An exact copy of all the lines below is required, with every image left out.

Start of Provided data

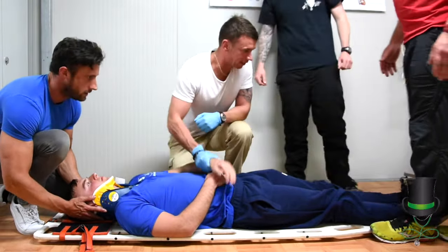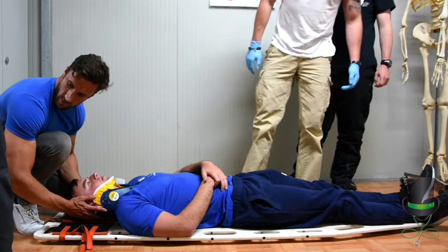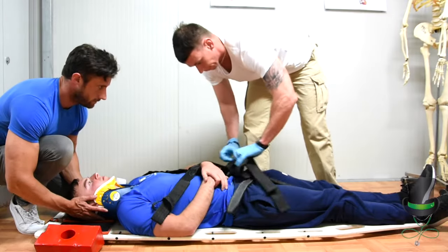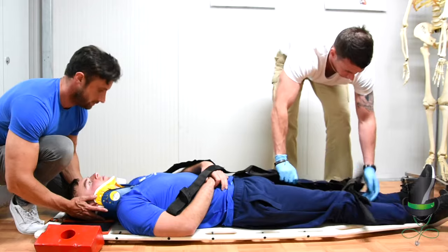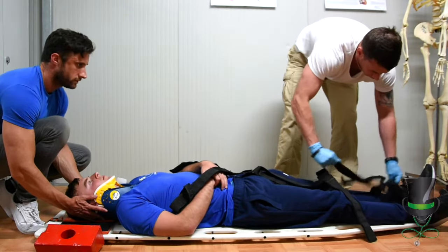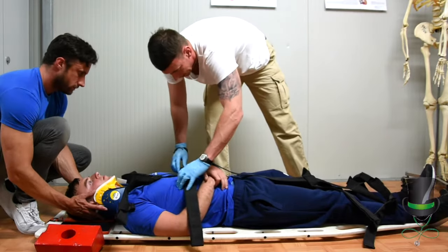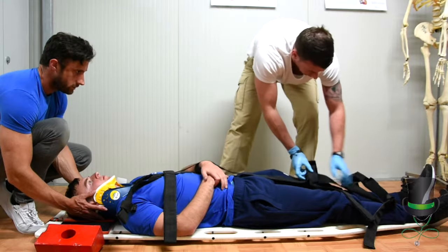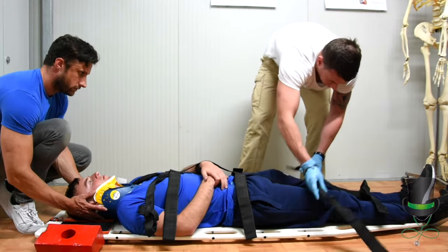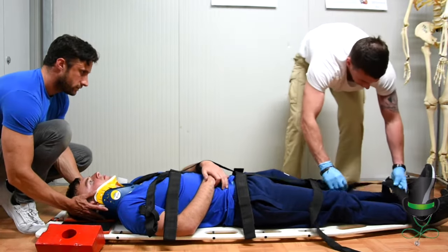Once the patient is centrally aligned, we'll take out our spider straps and strap the patient to the board. The straps will be placed on the patient at the shoulders, the chest, the hips, above the knees — never on the joints — and down at the ankles.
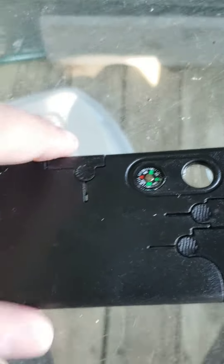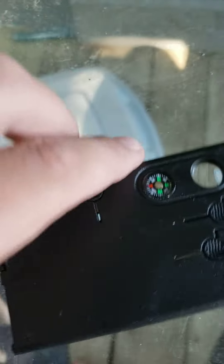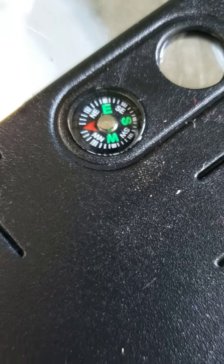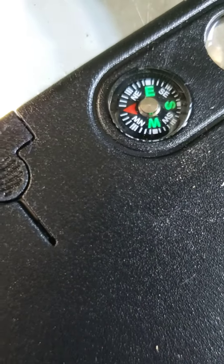So what's in it is a little magnifying glass. And the compass, which is very accurate.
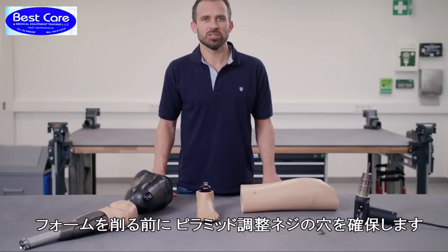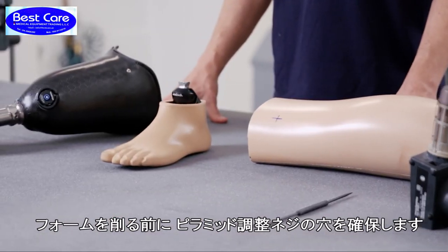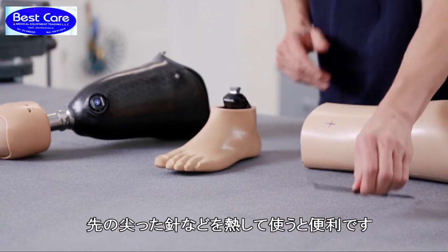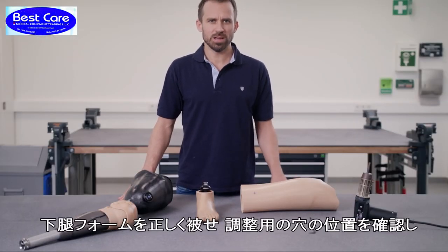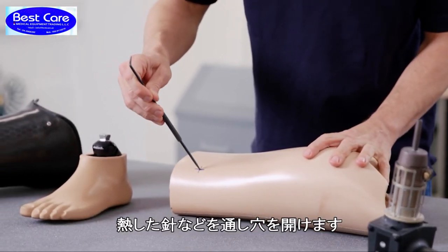Before you start sanding the shape of the shank, you must ensure that you can access the screws. It's best to use the scribing needle heated with hot air to do this. Pull on the shortened shank, determine the height of the access holes, and push the hot scribing needle through the foam.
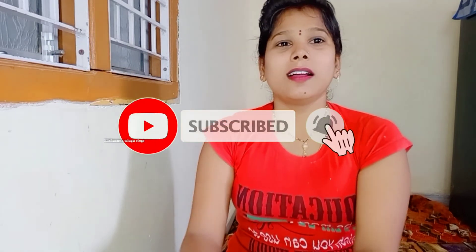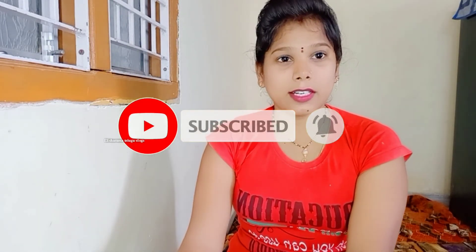So please like and subscribe to my channel, and click on the bell icon. If you click on the bell icon, you will be able to get a notification. Please do subscribe to my channel, please comment on this video, and enjoy this video.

End of Provided data

(Solution to the problem)
Once the patient is centrally aligned, we'll take out our spider straps and strap the patient to the board. The straps will be placed on the patient at the shoulders, the chest, the hips, above the knees — never on the joints — and down at the ankles.
So what's in it is a little magnifying glass. And the compass, which is very accurate.
Before you start sanding the shape of the shank, you must ensure that you can access the screws. It's best to use the scribing needle heated with hot air to do this. Pull on the shortened shank, determine the height of the access holes, and push the hot scribing needle through the foam.
So please like and subscribe to my channel, and click on the bell icon. If you click on the bell icon, you will be able to get a notification. Please do subscribe to my channel, please comment on this video, and enjoy this video.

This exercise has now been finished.